#### INFORMATION SUPPLIED
───

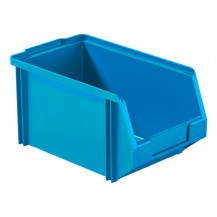 Caja de plástico apilable con abertura frontal PLASTIBOX K-200/3 AZ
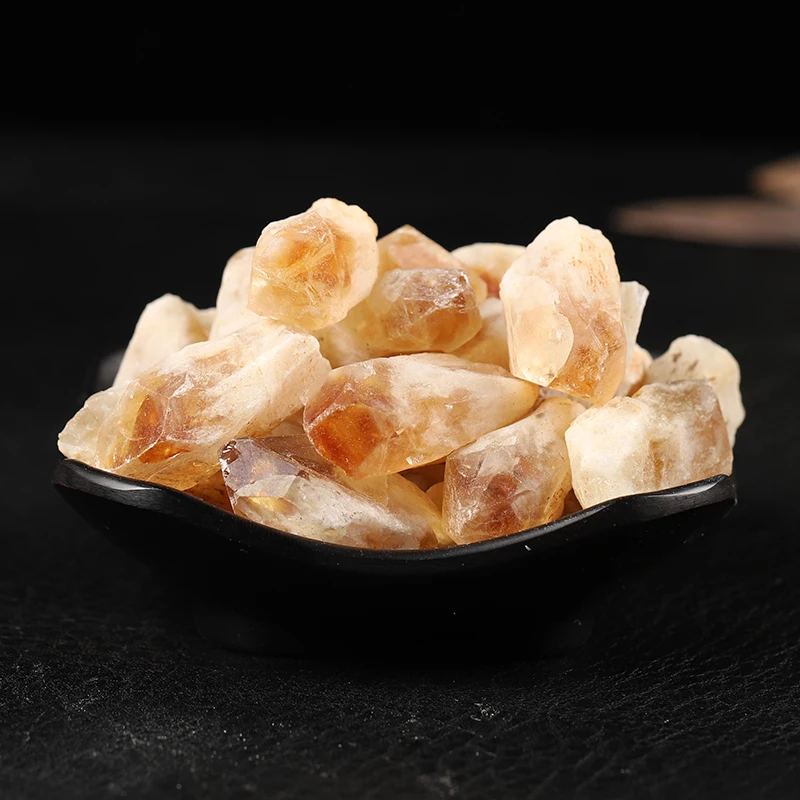 Из природного топаза точка сырье с украшением в виде кристаллов рок минеральные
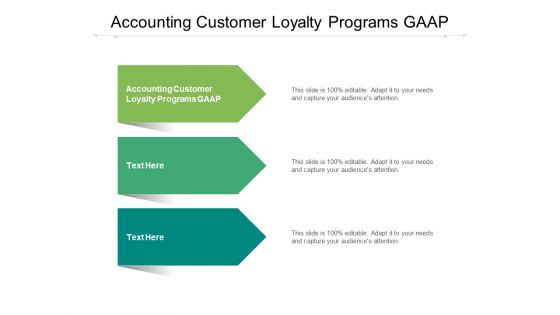 Accounting Customer Loyalty Programs GAAP Ppt PowerPoint Presentation Layouts Visuals Cpb Pdf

───

#### AIM OF THE EXERCISE
Starting with the line that holds "Из природного топаза", copy every line exactly through the final line of the material, but skip the pictures.

#### SOLUTION TO THE PROBLEM
 Из природного топаза точка сырье с украшением в виде кристаллов рок минеральные
 Accounting Customer Loyalty Programs GAAP Ppt PowerPoint Presentation Layouts Visuals Cpb Pdf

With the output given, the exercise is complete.